IP₃R1 mediates IP₃-induced BK_Ca channel activation. (A) Mean data illustrating that heparin reverses IP₃-induced BK_Ca channel activation (n: control (10 µM Ca²⁺), 5; 30 µM IP₃, 5; 30 µM IP₃ plus 1 mg/ml heparin, 5). (B) Original recording from the same inside-out patch illustrating control BK_Ca channel activity (i), IP₃ (30 µM)-induced channel activation (ii), reversal by monoclonal IP₃R1 antibody (iii, 1:100; clone L24/18; NeuroMab), and no further effect of heparin applied in the continued presence of IP₃R1 antibody (iv). (C) Mean data illustrating that monoclonal IP₃R1 antibody inhibits IP₃-induced BK_Ca channel activation, and that the addition of heparin leads to no further change in activity (control (10 µM Ca²⁺), n = 4; 30 µM IP₃, n = 4; 30 µM IP₃ plus IP₃R1 antibody (1:100), n = 4; 30 µM IP₃ plus IP₃R1 antibody (1:100), n = 4; 30 µM IP₃ plus IP₃R1 antibody (1:100) plus heparin, n = 4; IP₃ plus boiled IP₃R1 antibody, n = 4). (D) Mean data illustrating that adenophostin A activates BK_Ca channels (n: control (10 µM Ca²⁺), 4; 1 µM adenophostin A, 4). *, P < 0.05.

Figure 5.

Genetic ablation of IP₃R1 abolishes IP₃-induced BK_Ca channel activation in cerebral artery smooth muscle cells. (A) Western blot indicating that IP₃R1 protein (∼270 kD) is present in IP₃R1^+/+ mouse aorta and absent in IP₃R1^−/− aorta. (B) Mean data illustrating that 10 µM IP₃ activates BK_Ca channels in inside-out patches from mouse IP₃R1^+/+ cerebral artery smooth muscle cells, but not in mouse IP₃R1^−/− cerebral artery smooth muscle cells. Mean data also indicate that 1 mg/ml heparin reverses IP₃-induced BK_Ca channel activation in IP₃R1^+/+ cells. Membrane voltage was −40 mV. IP₃R1^−/−: control, n = 5; IP₃, n = 5; IP₃ plus heparin, n = 5. IP₃R1^+/+: control, n = 5; IP₃, n = 5; IP₃ plus heparin, n = 5. *, P < 0.05.

Figure 6.

BK_Ca channel subunits are located in close spatial proximity to IP₃R1 in cerebral artery smooth muscle cells. (A) Immuno-FRET data illustrating close spatial proximity of IP₃R1 to BK_Ca channel α subunits.
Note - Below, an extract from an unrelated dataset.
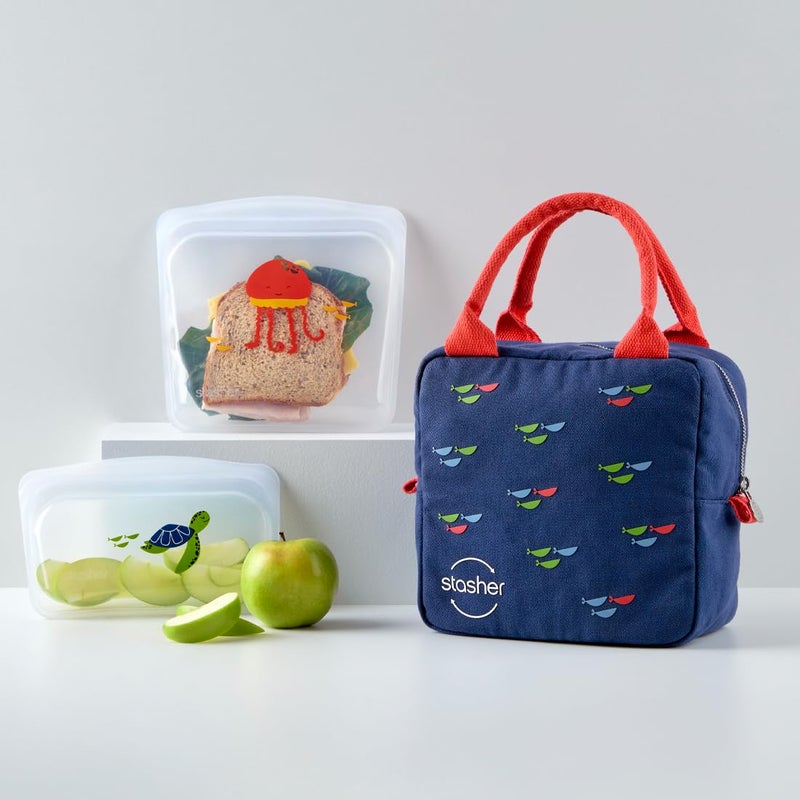 Stasher Silicone Reusable Storage Bags & Insulated Lunch Bag, 3-Pack, Reusable Freezer Bags, Microwave, Dishwasher, Oven Safe, Sous Vide, Lunch Containers, Eco Friendly, Food Storage Bags, Clear - Image 3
Cy2- and Cy3-labeled secondary antibodies bound to IP₃R1 and BK_Ca channels generate N-FRET. In contrast, secondary antibodies bound to IP₃R1 and TRPM4 do not generate significant N-FRET. Bars, 10 µm. (B) Monoclonal IP₃R1 antibody coimmunoprecipitates IP₃R1 (∼270 kD), BK_Ca channel α (∼125 kD), and β1 (∼36 kD) subunits from cerebral arteries. Lysate supernatant was used as the input (+ve) control. Beads that have no antibody-binding capacity were used in the negative (−ve) coIP control.